Venons-en alors à l’argument central évoqué à l’appui de la demande d’interdiction : les femmes seraient contraintes (par leur mari, leur famille, leur milieu, …) de s’enfermer dans cette prison vestimentaire. Certes tous les cas de figure sont probablement dans la nature. Le plus basique réside, pour des femmes âgées ou d’émigration récente, dans la tradition tribale plus que religieuse ; Etienne de la Boétie nous l’enseignait déjà dès le début de la Renaissance : « La première raison de la servitude volontaire, c’est l’habitude ». D’autres femmes sont probablement contraintes, et, dès lors qu’elles se trouvent en France elles doivent y trouver la protection de la loi ; là aussi, comme pour la sécurité, des dispositifs peuvent et doivent être pensés et mis en œuvre par les professionnels, comme il en existe pour d’autres atteintes aux individus dans le secret des familles (femmes battues, enfants maltraités, etc.). D’autres enfin, surtout semble-t-il chez les plus jeunes, ne semblent guère forcées de porter cette tenue, mais semblent réaliser ce choix par repli identitaire, bien souvent à la surprise et contre l’avis de leur famille, sous l’influence notamment du contexte international.


Même s’il est avéré que certaines jeunes femmes affirment que cela représente un réel choix personnel, il est clair que ce choix contribue à l’oppression de celles qui voudraient résister ou s’émanciper. Nous ne devons donc pas taire que ce choix est contraire aux valeurs humanistes que nous portons, mais nous ne devons pas nous laisser pour autant emporter à renoncer à ces valeurs humanistes… La république française, en adoptant le mot « liberté » comme premier mot du triptyque républicain s’est affirmée contre ceux qui préconisaient le célèbre « pas de liberté pour les ennemis de la liberté ». De l’autre côté de l’Atlantique, un juge de la cour suprême américaine, tenait en 1929, parlant du 1er amendement, un propos que nous pouvons reprendre à notre compte :


"S’il y a un principe de la Constitution qui doit être plus impérativement protégé que les autres, c’est celui de la liberté de pensée. Pas la liberté de pensée pour ceux qui sont d’accord avec nous, mais la liberté de pensée pour ceux dont nous haïssons les pensées.". 
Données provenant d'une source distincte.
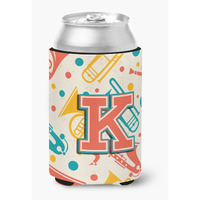 Letter K Retro Teal Orange Musical Instruments Initial Can or Bottle Hugger CJ2001-KCC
Ainsi, vous l’aurez compris, je fais mienne la conclusion d’Eric Besson, vendredi dernier sur Europe 1 : « il faut lutter contre le développement de la burqa, ça ne fait pas l’ombre d’un doute, mais il faut le faire par l’éducation, par la pédagogie, par le dialogue. ». Je fais mienne la conclusion de la ligue de l’enseignement, principale organisation laïque française avec ses deux millions de membres : "La question décisive est bien celle de l’égalité entre les hommes et les femmes. (...) Une loi [d’interdiction] risque de stigmatiser une population et être attentatoire aux libertés (...). la seule solution est celle qui allie la fermeté sur les principes et la constance dans le travail d’intégration à la société. (...) Cette voie est certes longue et difficile, mais c’est la seule efficace."